## Action item
The required output is the exact run of lines below that opens at the line with "Wall Mounted Bin" and closes at the line with "2008 Ford Escape".

## Data

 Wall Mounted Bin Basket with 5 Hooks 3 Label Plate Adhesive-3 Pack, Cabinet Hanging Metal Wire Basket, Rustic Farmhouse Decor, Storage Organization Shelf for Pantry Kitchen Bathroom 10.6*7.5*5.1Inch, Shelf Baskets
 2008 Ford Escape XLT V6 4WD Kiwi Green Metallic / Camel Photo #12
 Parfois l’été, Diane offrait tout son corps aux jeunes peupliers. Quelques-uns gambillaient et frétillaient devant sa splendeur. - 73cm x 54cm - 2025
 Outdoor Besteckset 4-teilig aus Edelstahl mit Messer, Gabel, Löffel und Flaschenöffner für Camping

--

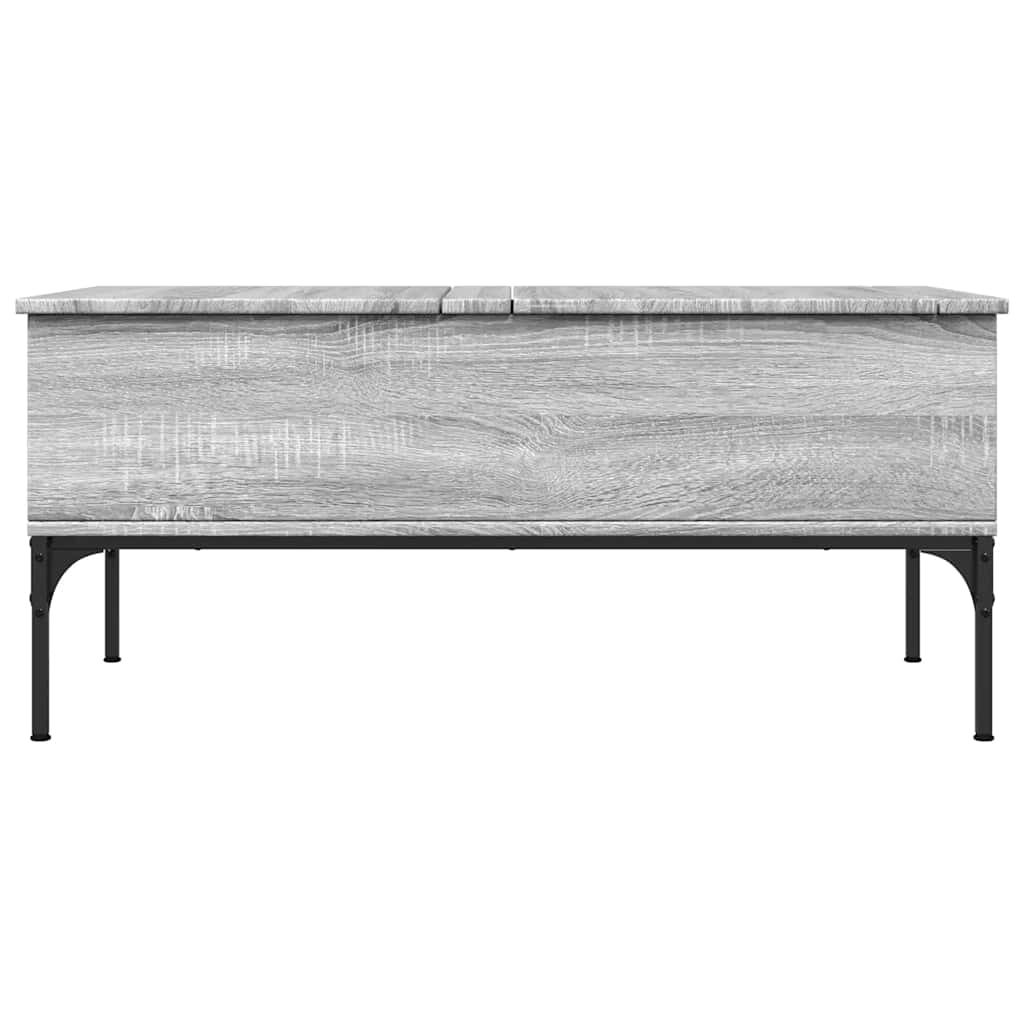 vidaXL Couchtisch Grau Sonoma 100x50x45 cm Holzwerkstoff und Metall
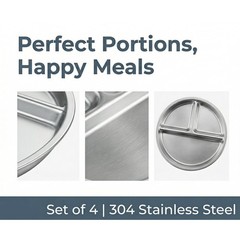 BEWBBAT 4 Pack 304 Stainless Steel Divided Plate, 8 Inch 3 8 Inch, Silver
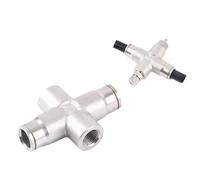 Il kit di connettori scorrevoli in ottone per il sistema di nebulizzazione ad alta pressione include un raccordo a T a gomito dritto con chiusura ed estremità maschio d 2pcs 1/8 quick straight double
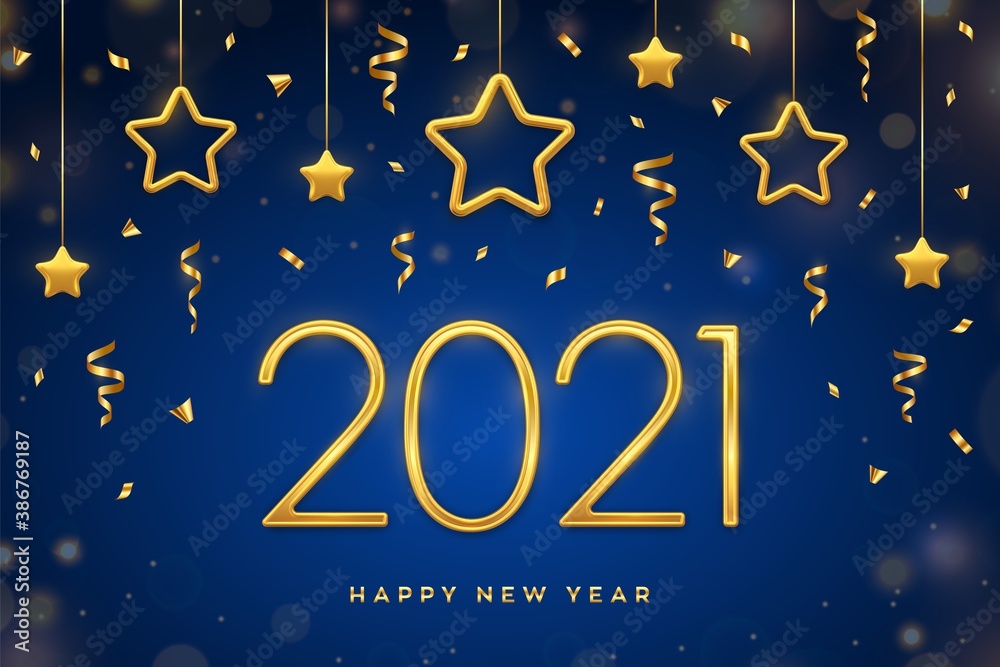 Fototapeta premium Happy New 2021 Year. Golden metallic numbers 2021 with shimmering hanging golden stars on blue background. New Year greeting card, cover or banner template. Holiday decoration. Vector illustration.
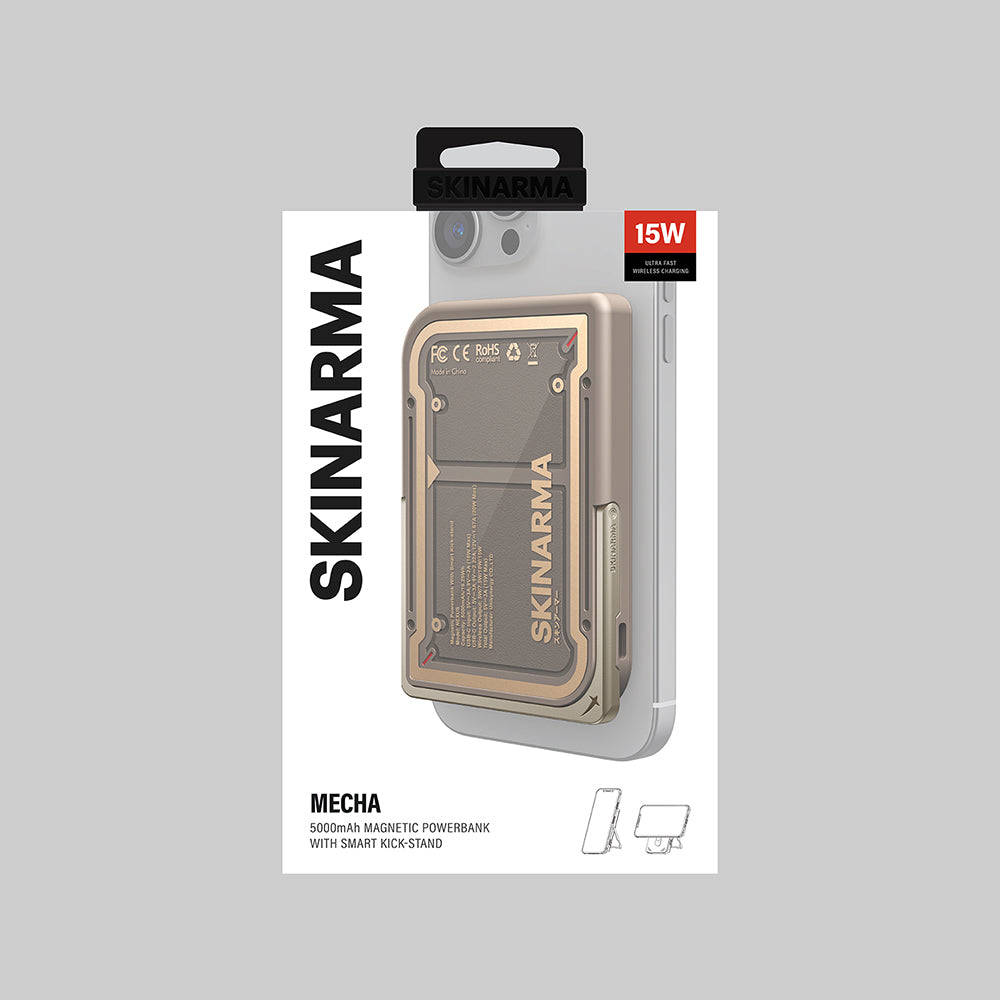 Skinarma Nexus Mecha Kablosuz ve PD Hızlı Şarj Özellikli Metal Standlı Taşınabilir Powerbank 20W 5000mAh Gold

## Exercise solution
 Wall Mounted Bin Basket with 5 Hooks 3 Label Plate Adhesive-3 Pack, Cabinet Hanging Metal Wire Basket, Rustic Farmhouse Decor, Storage Organization Shelf for Pantry Kitchen Bathroom 10.6*7.5*5.1Inch, Shelf Baskets
 2008 Ford Escape XLT V6 4WD Kiwi Green Metallic / Camel Photo #12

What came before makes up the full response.